▶ [EXERCISE MATERIALS]
§

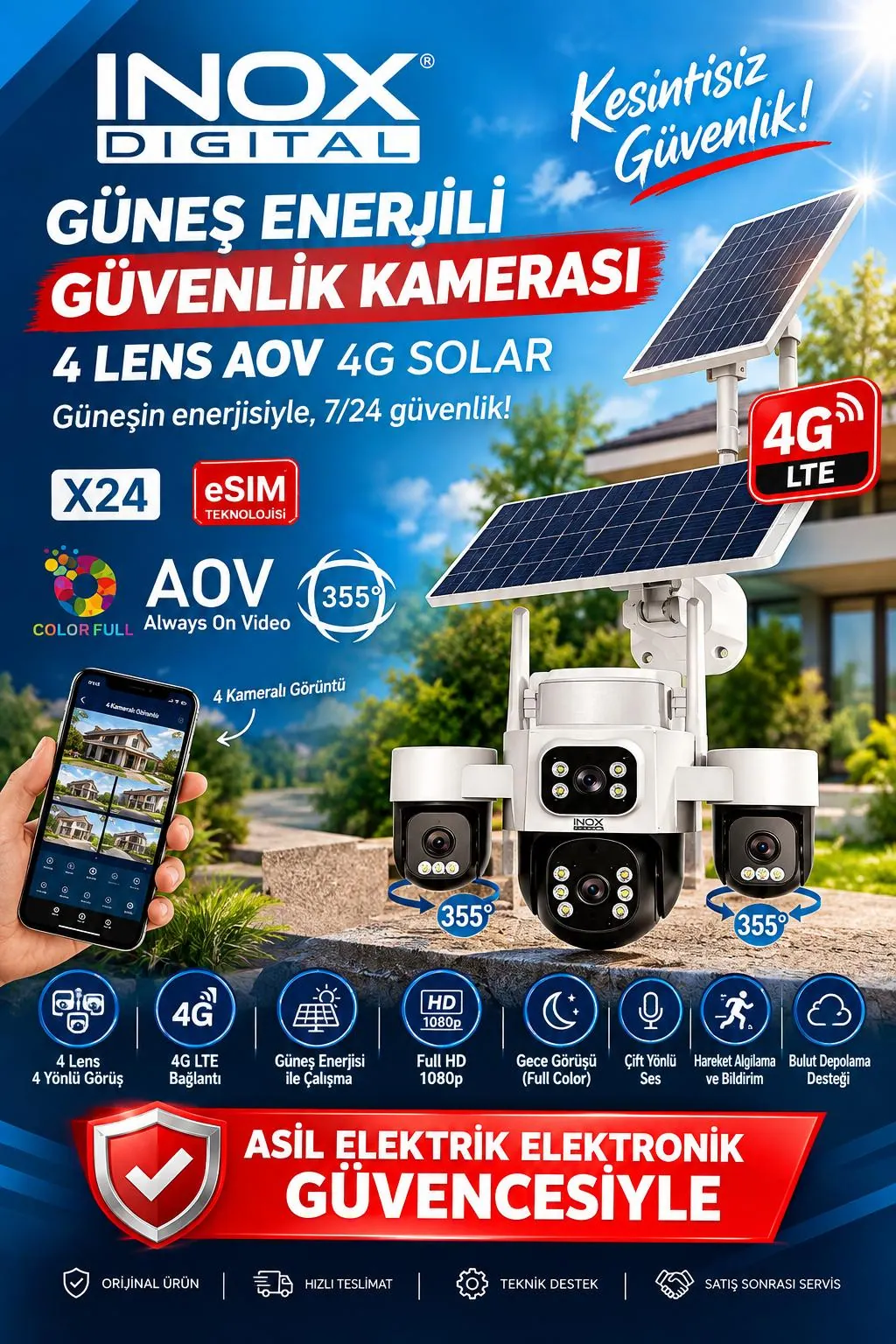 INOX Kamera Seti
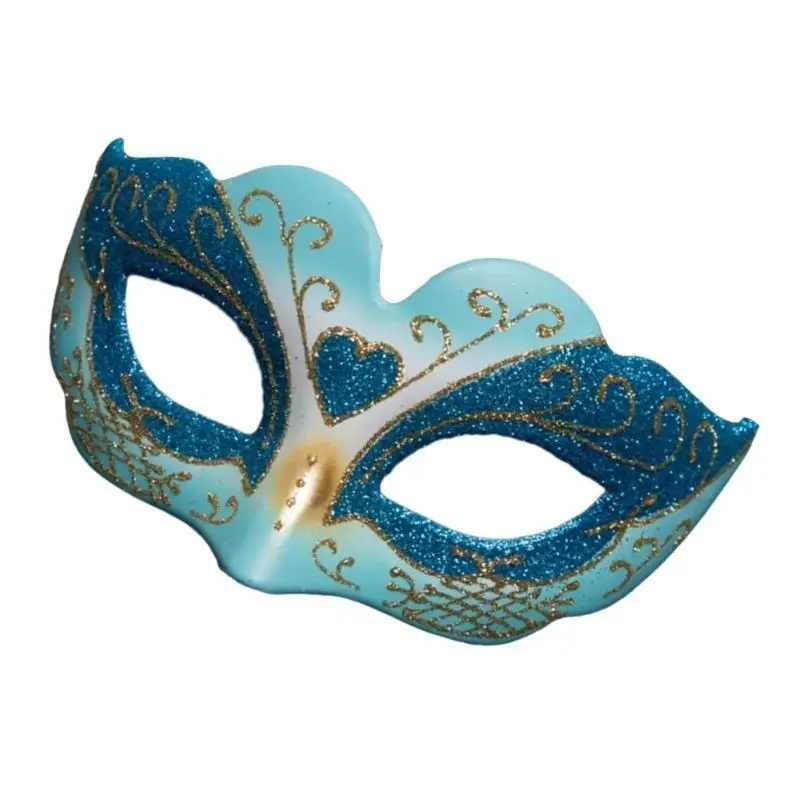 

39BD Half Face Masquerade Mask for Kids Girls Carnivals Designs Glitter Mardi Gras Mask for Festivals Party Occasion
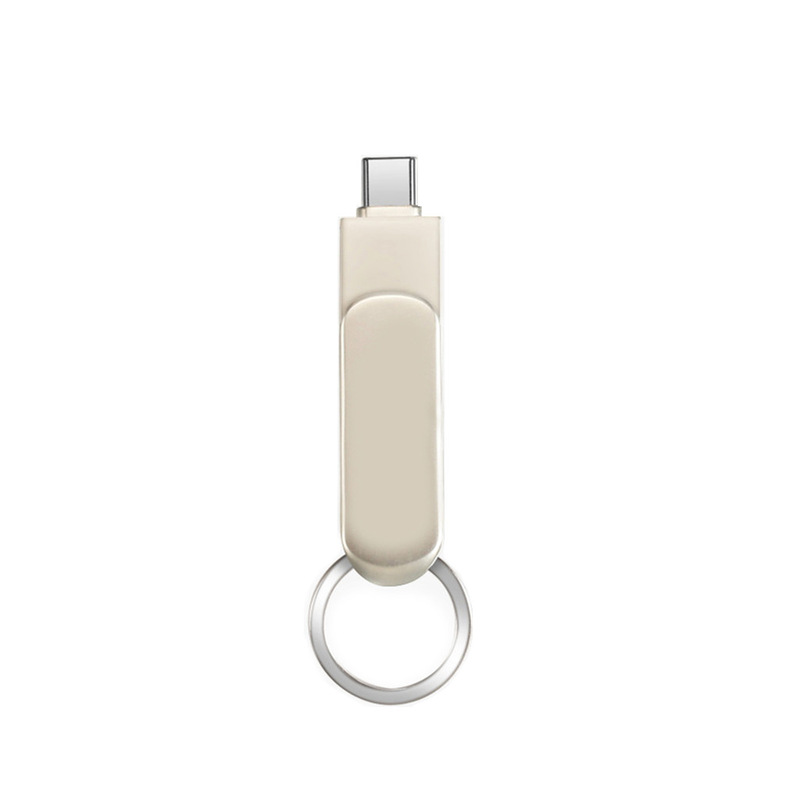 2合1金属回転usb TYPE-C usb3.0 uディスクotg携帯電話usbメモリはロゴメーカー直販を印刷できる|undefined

§

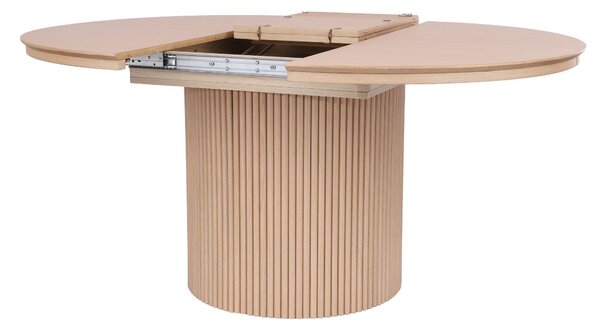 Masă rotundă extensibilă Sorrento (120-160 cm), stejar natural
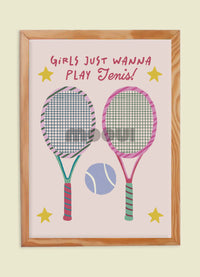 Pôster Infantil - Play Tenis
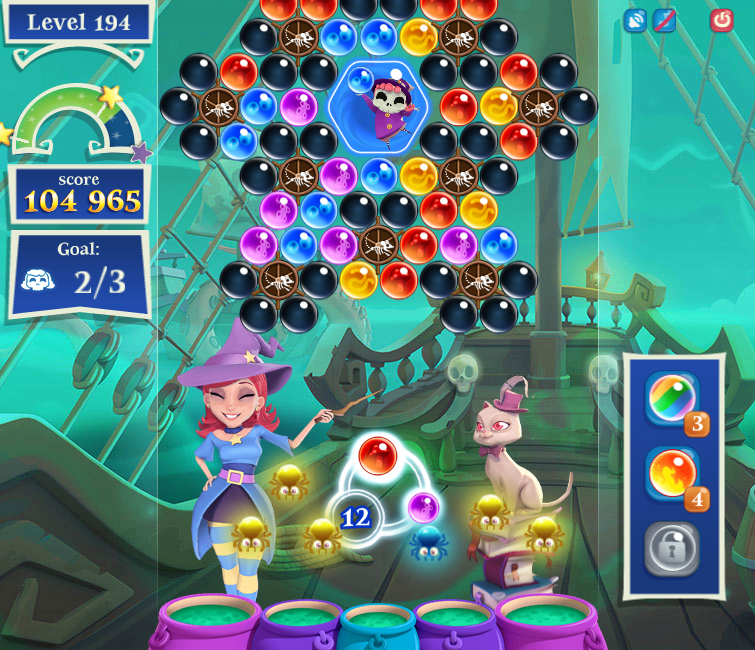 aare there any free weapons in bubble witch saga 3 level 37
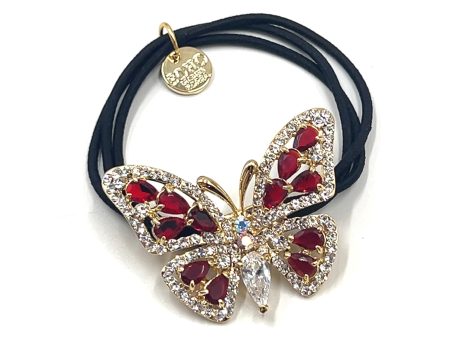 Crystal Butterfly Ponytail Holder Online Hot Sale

§

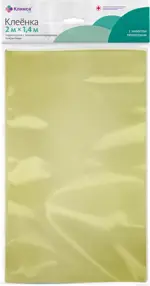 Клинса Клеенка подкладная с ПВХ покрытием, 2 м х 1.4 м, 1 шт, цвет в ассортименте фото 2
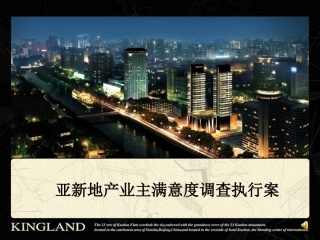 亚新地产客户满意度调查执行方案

§

▶ [WORK INSTRUCTION] Restate the lines above from the one containing "Pôster Infantil - Play Tenis" through the one containing "Crystal Butterfly Ponytail", inclusive, exactly and without pictures.

▶ [PROBLEM SOLUTION]
 Pôster Infantil - Play Tenis
 aare there any free weapons in bubble witch saga 3 level 37
 Crystal Butterfly Ponytail Holder Online Hot Sale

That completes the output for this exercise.